Built Hamber :thumbsup:


----------



## mark_scenemedia (Jul 20, 2014)

Can recommend the Meguiar's 'Quik Clay Starter Kit' - used it on my RX7, comes with everything needed (including quik detailer which is handy even after the claying) and a single bar easily did the whole car. I think it's around £20.


----------



## stokegtrlad (Apr 30, 2017)

Bilt hamber is what I use i tend to clean the car do the chemical Decontamination then snow foam the car again and so the clay using the foam as a lubricant then onto the polishing stages 


Sent from my SM-G955F using Tapatalk


----------



## evogeof (Aug 3, 2014)

TREG said:


> Pm Evo Geof on here


I think the dodo juice one is pretty good but they all do the same thing. As for a lube just use a neat dilute of Car shampoo no need buying expensive stuff. 

https://rover.ebay.com/rover/0/0/0?mpre=https://www.ebay.co.uk/ulk/itm/112798225639


----------



## Imran (May 6, 2017)

Thanks guys for all the comments which are helpful. This is my first time using a clay bar, an I better of flowing for the soft version or the regular version?

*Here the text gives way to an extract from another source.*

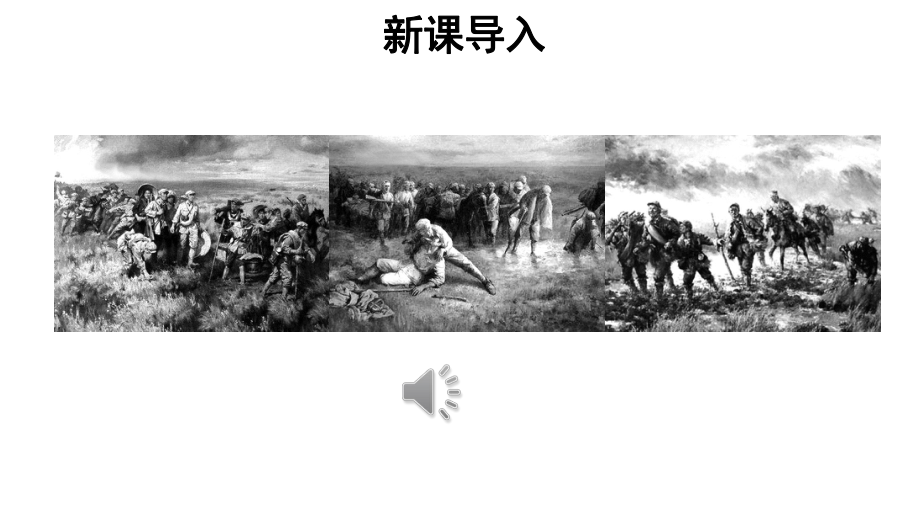 《金色的鱼钩》课件.ppt_第1页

Also, I was planning to use autoglym ultra deep shine afterwards. Is that decent? My car is grey. Thanks.


----------



## Kadir (Mar 23, 2008)

Have a read of this (step by step guide to safely clay paint..);

Decontaminating Paint | Car Care Advice | Polished Bliss


----------



## Imran (May 6, 2017)

Thanks Kadir, that's useful. 

I have ordered the bilt hamber clay bar and went for the soft version. 

I went to buy a snow foam lance and ended up buy these too:


----------



## GTRZOOM (Aug 30, 2013)

I've found Meguiars to be the best...Bilt Hamber left streaks on mine, then when I asked a detailer he said to move to meguiars... no complaints now!


----------



## Imran (May 6, 2017)

Great, now you tell me! The bilt hamber arrived yesterday! May try it on my other ace first!

Is it recommended to use clay bar on areas which are already smooth or just rough areas? I only have a couple of rough areas.


----------



## gtr mart (Mar 29, 2004)

bilt hamber is a rated brand so it should be good. And you chose the right one (soft) as the GT-R paint is (unacceptably) delicate and you shouldn't have that much contamination as to warrant the medium or hard (I would imagine the hard could leave swirls?).

I also find the valet pro soft and super soft clays great value and do the job nicely.

Similar to Geof I also tend to just use dilute shampoo with a bit of citrus pre cleaner thrown in to help wax stripping.

I only clay once or twice a year as part of a bigger deep clean and protect.


Only use a 1/4 or 1/3rd of the clay at a time. When you drop it on the floor, throw it in the bin and start a new piece


----------



## MS33 (Jun 27, 2007)

Bilt Hamber is fine, I've used it for years, if it leaves streaks it because your not using enough lubricant (water) That's the beauty of Bilt Hamber, you don't have to use detailing spray and waste your money.


----------



## PaulH0070 (Oct 19, 2017)

gtr mart said:


> Only use a 1/4 or 1/3rd of the clay at a time. When you drop it on the floor, throw it in the bin and start a new piece


Good advice, because it will likely happen! 

As we're on a clay bar discussion, I used to have a white STI that I clayed regulalry but moved on to using an iron fallout remover. Being white, you wouldn't belived the ammount of 'bleed out' that happens with this stuff!! 

After using the remover the car had that perfect smooth feel and going over it with a clay after there wasn't much for the clay to remove. 

Not saying a fallout cleaner will remove all that a clay does, but I did find very little advantage in claying after that. Although a clay does have other characteristics you might be looking for.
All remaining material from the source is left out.